In a technique disclosed in JP-A-2003-219675, a power supply current sensor is provided in a power supply path from a battery (i.e., a power supply) to a drive circuit which drives an electric load such as a motor. When a short-circuit failure occurs in the drive circuit, the power supply current sensor detects an overcurrent condition, and a power supply relay is turned OFF so that the power supply path can be interrupted.
When a power supply current sensor is used to detect an overcurrent condition, a detection error may be caused, for example, by noise or a short circuit due to a momentary circuit contact. To eliminate such a detection error, a repetitive monitoring process may be performed. In the repetitive monitoring process, a power supply relay is repeatedly turned ON and OFF after an overcurrent condition is detected once, and then when the overcurrent condition is detected a predetermined consecutive number of times, it is finally determined that a short-circuit failure occurs. For a drive circuit with one system having an inverter, this repetitive monitoring process is effective at eliminating the detection error, thereby preventing an unnecessary fail-safe operation from stopping functions.

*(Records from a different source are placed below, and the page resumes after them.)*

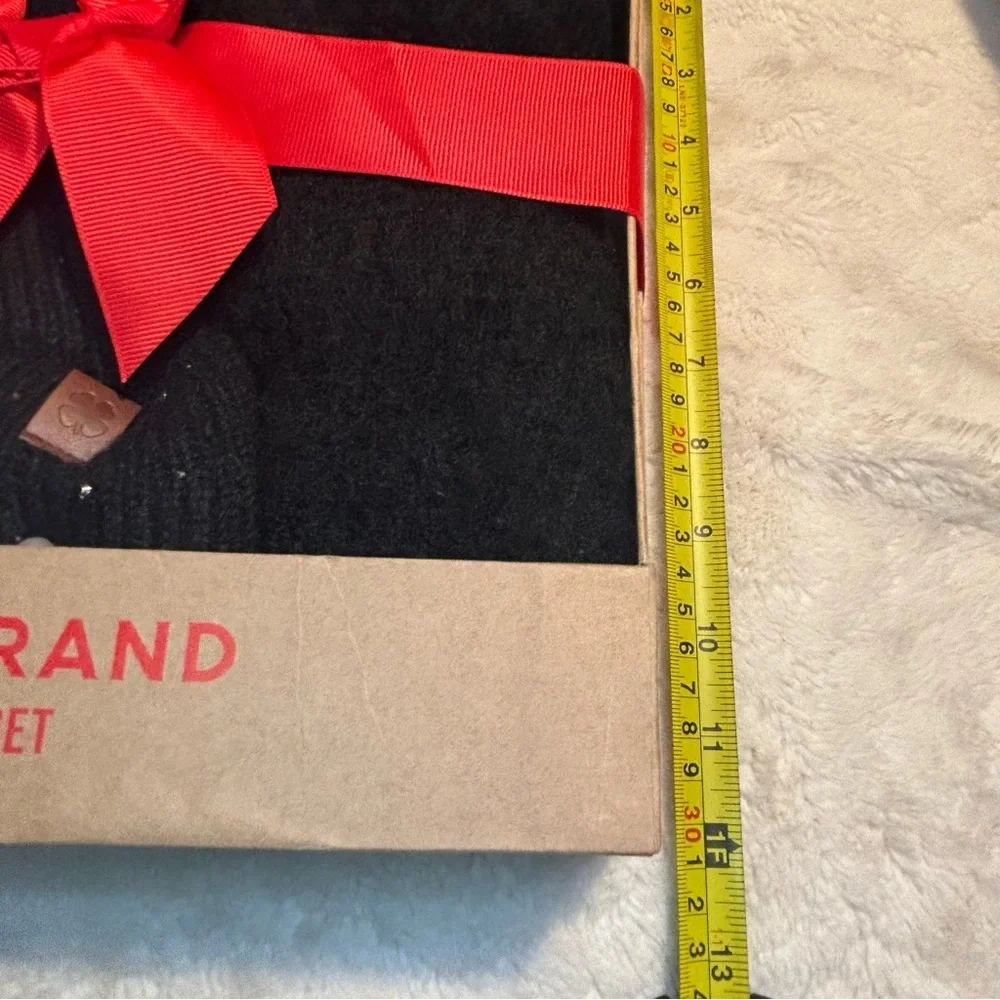 NEW Lucky Brand SET Black Scarf + Beanie Hat Tan Pom Pearls Sparkles Cozy Gift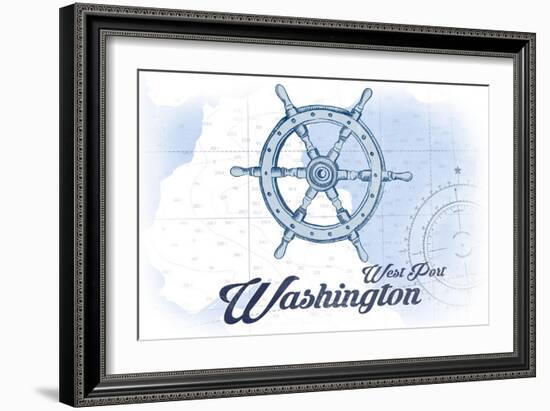 West Port, Washington - Ship Wheel - Blue - Coastal Icon-Lantern Press-Framed Art Print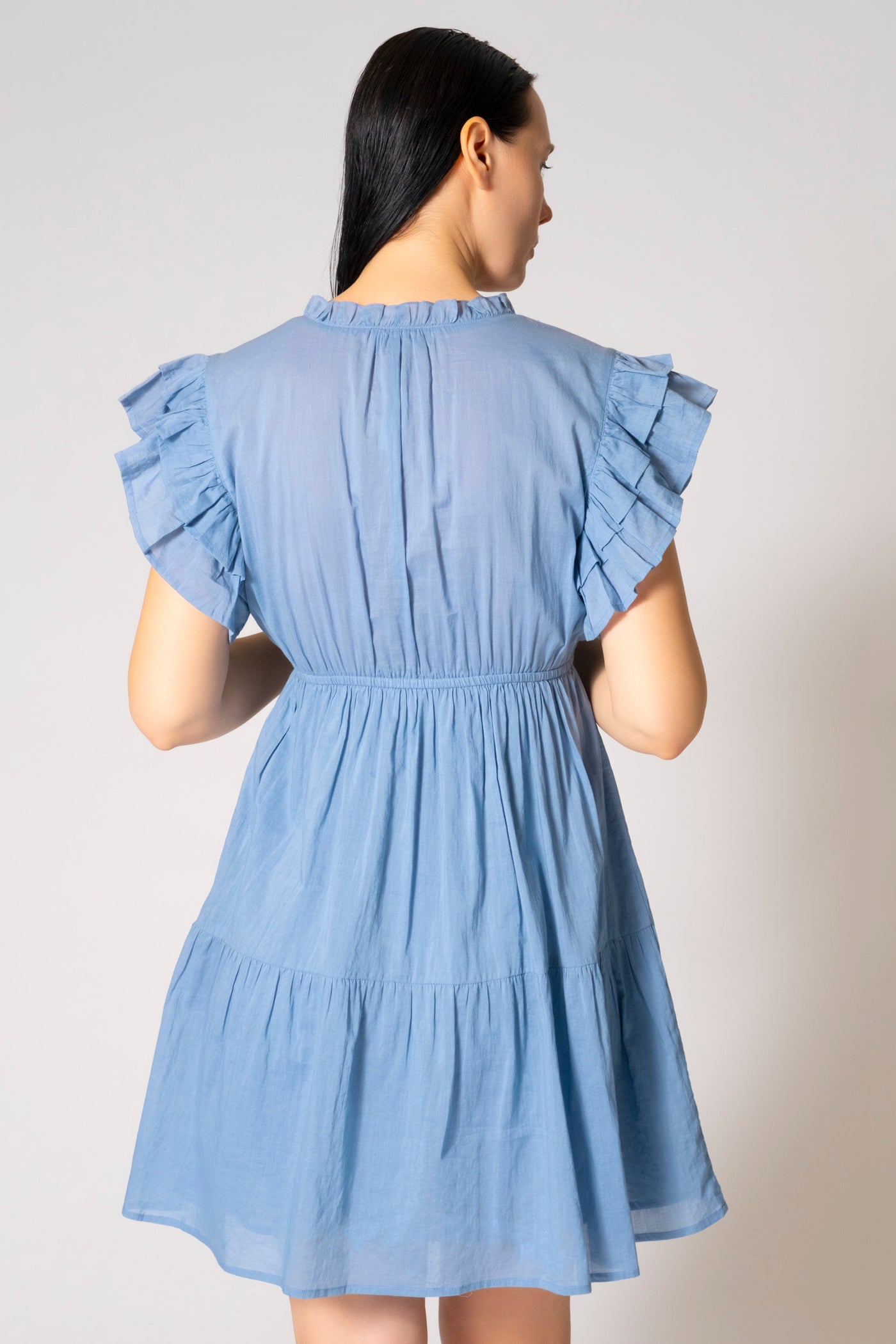 CATHY RUFFLE CAP SLEEVE TIERED DRESS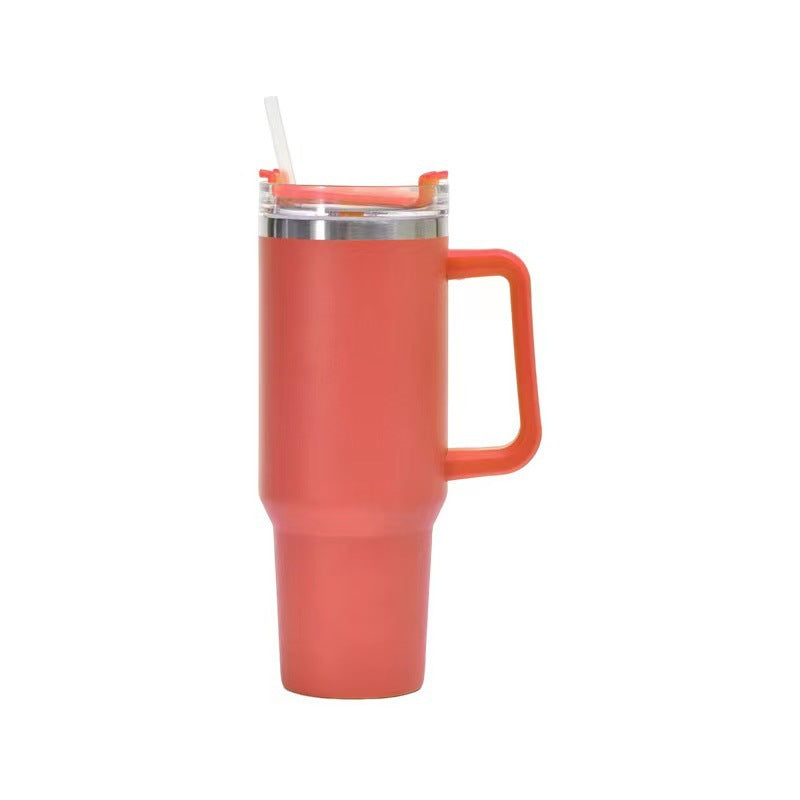40oz Straw Coffee Insulation Cup With Handle Portable Car Stainless Steel Water Bottle LargeCapacity Travel BPA Free Thermal Mug - FrawstedCreations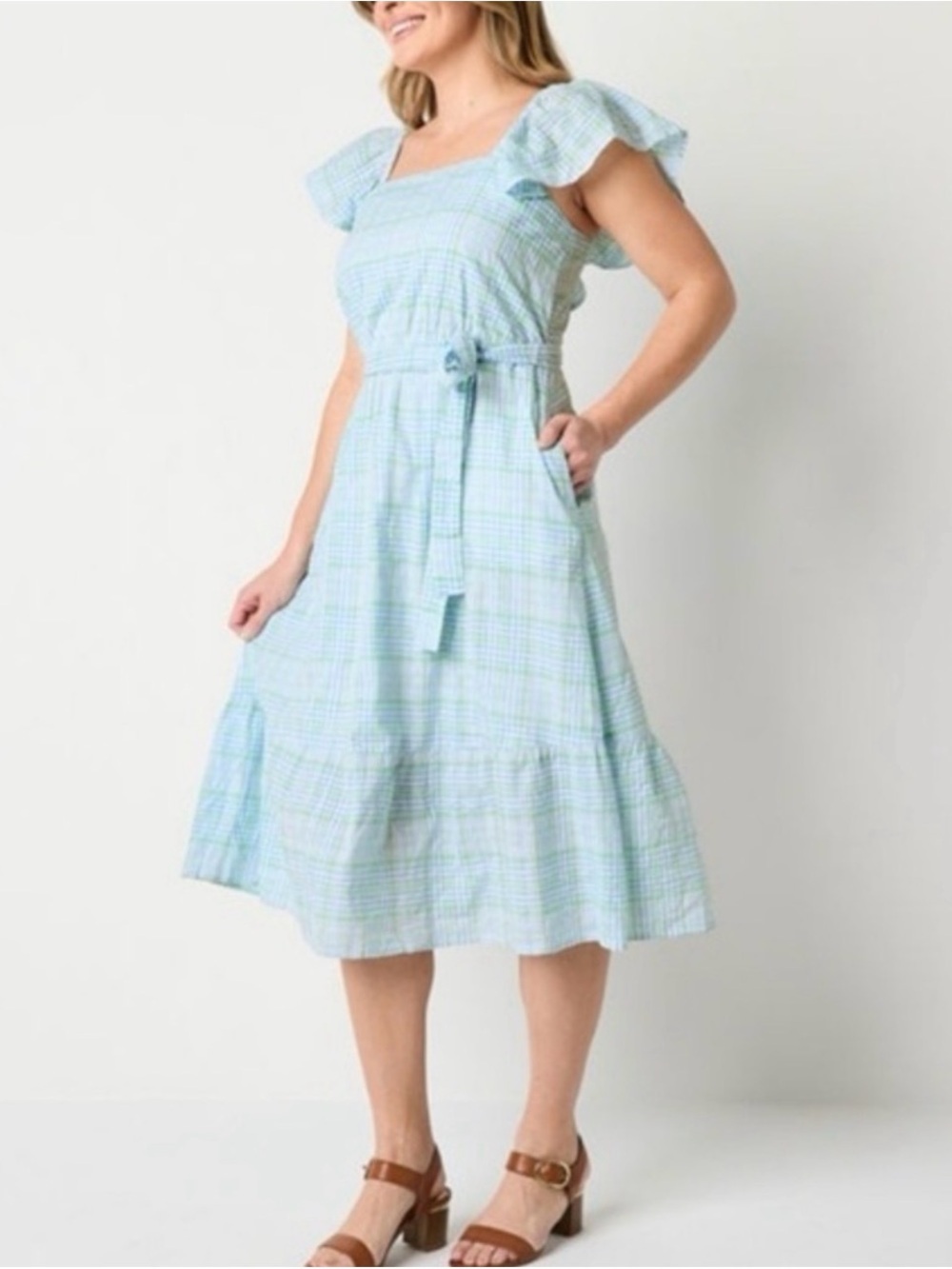 Plaid Midi Ruffle Dress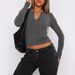 European And American Cross-border Women's Clothing 2024 New Model TK Y2K Slim-fit Fashion Ribbed Button_ecoleips.com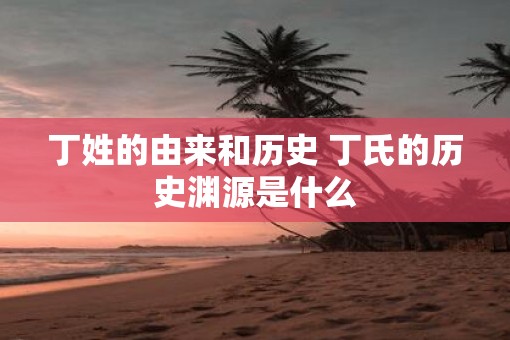 丁姓的由来和历史 丁氏的历史渊源是什么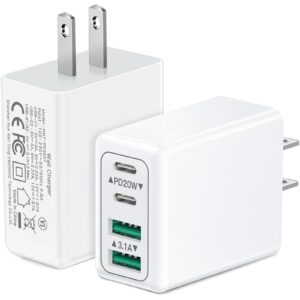2pack usb c fast charger block, okray 40w 4-port dual usb-c fast charging brick qc+pd3.0 power adapter multiport type c wall charger plug for iphone 15 14 13 12 11, pad mini/pro, galaxys23 s22 (white)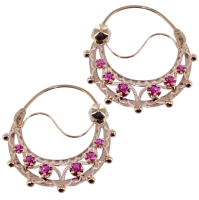 Boucles d'oreilles Or Rose Créoles à boules 6 pierres - 40 mm 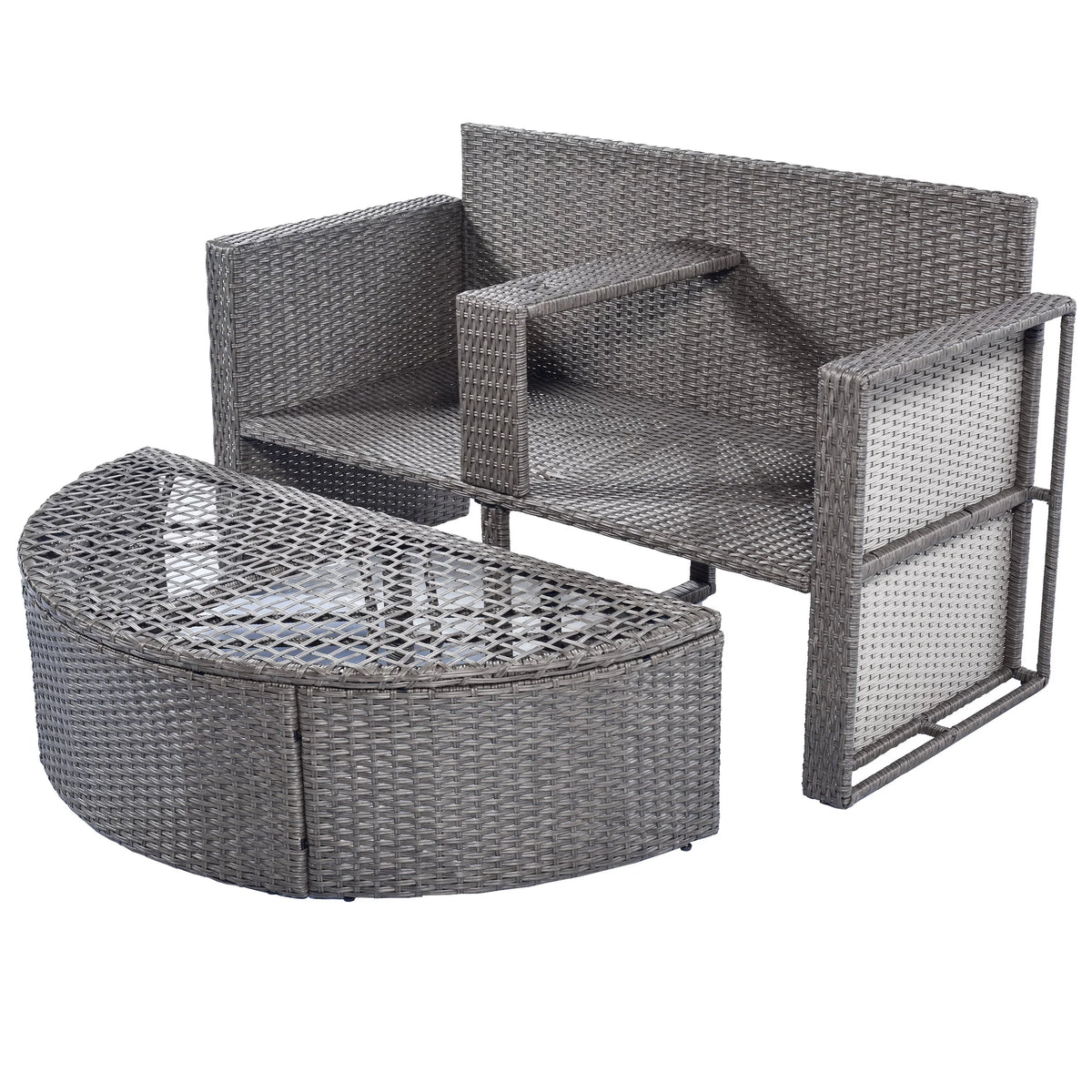 4 Pcs All-Weather PE Rattan Wicker Sofa Set with Coffee Table N368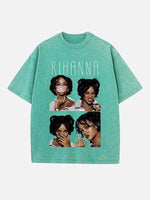 Rihanna Print Round Neck T-shirt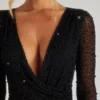 Chelsea Embellished Wrap Over A-Line Miniklänning i svart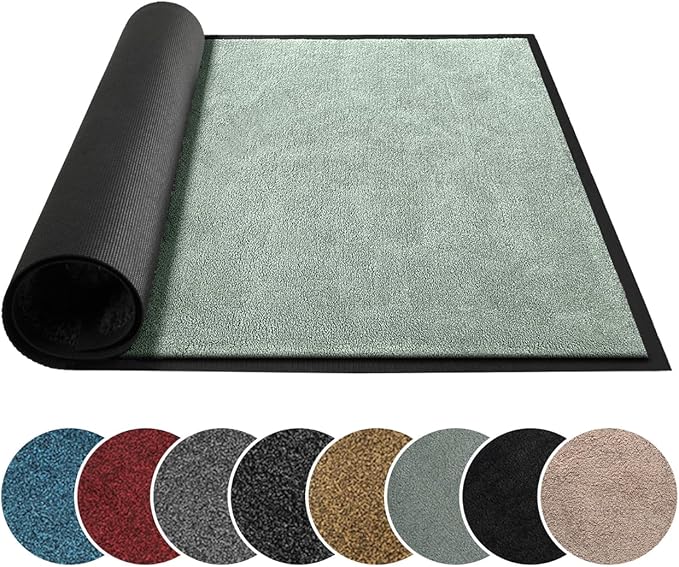 Mibao Dirt Trapper Door Mat for Indoor Outdoor, Waterproof All-Season, All-Weather Doormat, Heavy Duty Non-Slip Entrance Rug, Low Profile Absorbent Entrance Mat Carpet, 48" x 24", Green
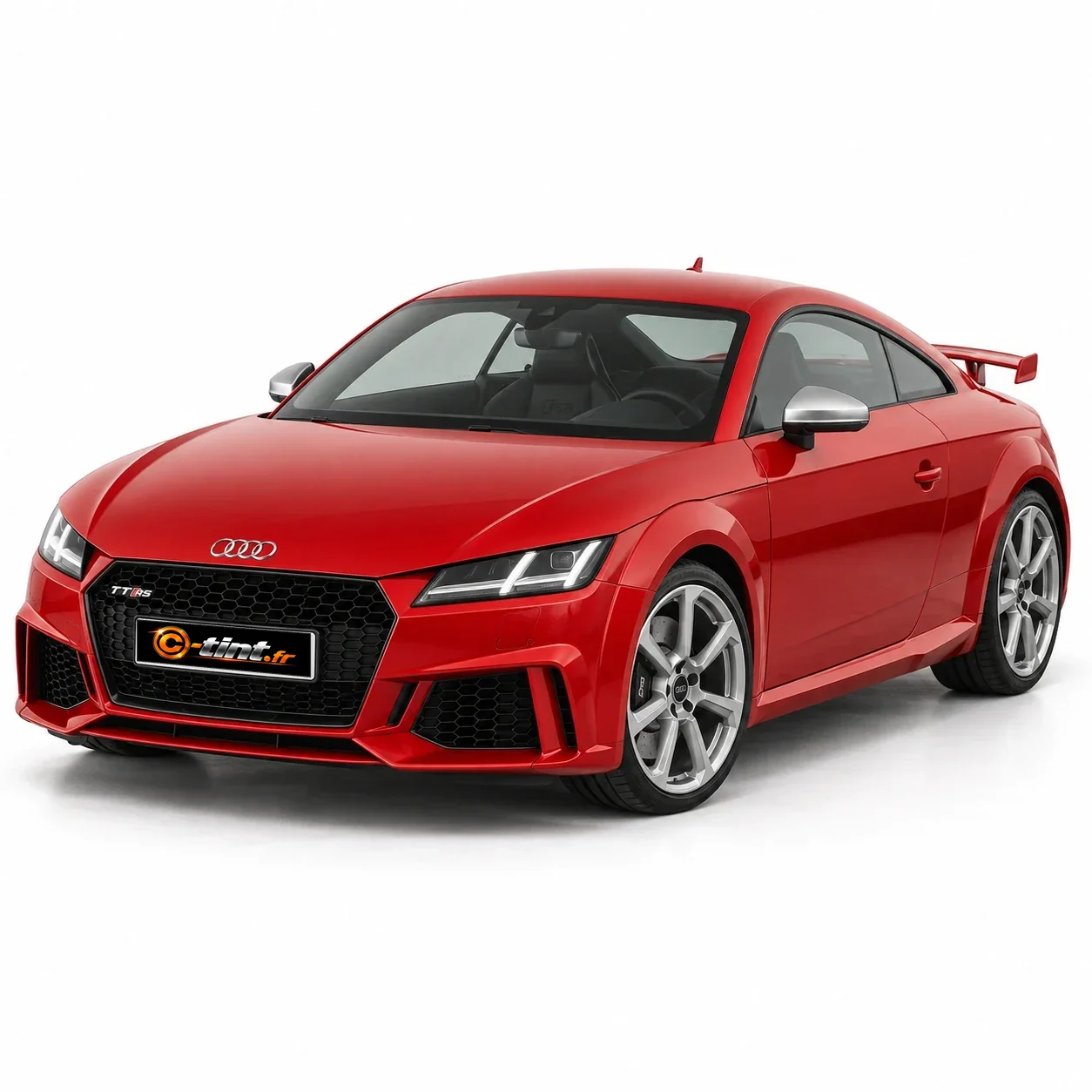 Audi TT Génération 3 — RS Coupé, 2018, Coupé 2 portes, rouge — vue trois-quarts avant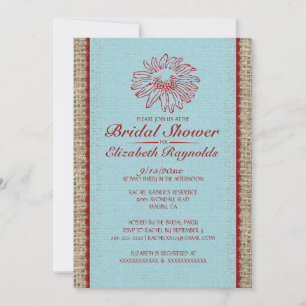 Blue & Red Vintag Lace Bridal Dusche Einladungen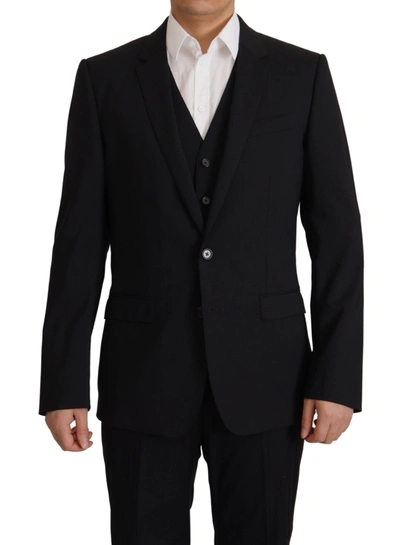 DOLCE & GABBANA DOLCE & GABBANA ELEGANT BLACK MARTINI BLAZER AND VEST MEN'S ENSEMBLE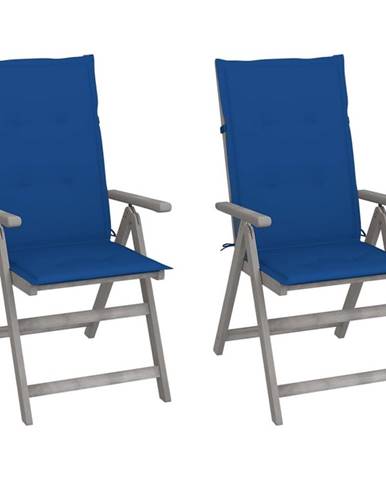 Vidaxl Záhradné sklápacie stoličky 2 ks s podložkami akáciový masív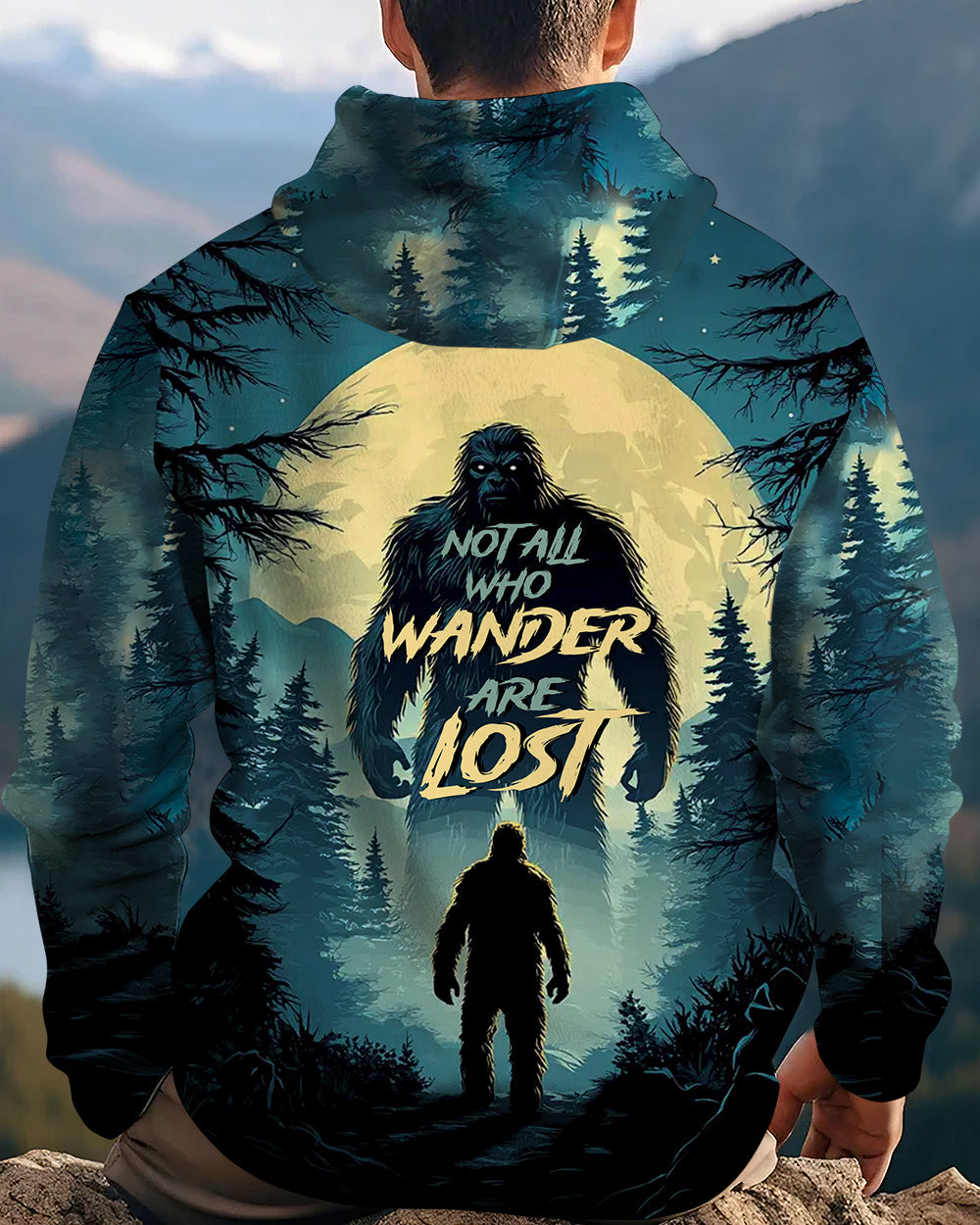Not All Who Wander Are Lost Bigfoot Mountain All Over Print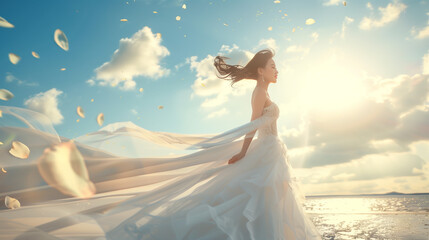 Fototapeta na wymiar asian bride in white wedding dress outside in the windy beach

For example, in an electric power steering system for a vehicle, multiple systems, each of which has a motor drive circuit, are configured in a redundant manner to increase reliability. In general, an input stage of a drive circuit such as an inverter is provided with a capacitor to smooth an input voltage. In an apparatus where a drive circuit of each of multiple systems is connected in parallel to a power supply, a capacitor of an input stage of each drive circuit remains charged during normal operation.
Here it is assumed that a power supply relay is turned OFF when an overcurrent condition in a drive circuit of one of two systems is detected once. The system where the overcurrent condition is detected once is sometimes hereinafter referred to as the “temporary abnormal system”, while the other system is sometimes hereinafter referred to as the “normal system”. If the drive circuit of the temporary abnormal system is actually short-circuited, the capacitor of the input stage of the temporary abnormal system is discharged. For this reason, when the power supply relay is turned ON again in the repetitive monitoring process, charges stored in the capacitor of the input stage of the normal system flows as an inrush current into the temporary abnormal system. Therefore, even when the short-circuit failure is cured so that the temporary abnormal system returns to normal, the repetitive monitoring process incorrectly determines that the temporary abnormal system remains in an overcurrent condition due to the inrush current. That is, the inrush current is incorrectly detected as an excessive power supply current.
Further, in the normal system, when the power supply relay is turned OFF upon the incorrect determination that the temporary abnormal system remains in an overcurrent condition, a secondary inrush current flows from the power supply to the capacitor of the input stage. Due to this secondary inrush current, it may be incorrectly determined that the normal system is in an overcurrent condition. Therefore, in an apparatus with multiple systems, each of which has a drive circuit, it is difficult to finally determine that the temporary abnormal system is in an overcurrent condition by the repetitive monitoring process.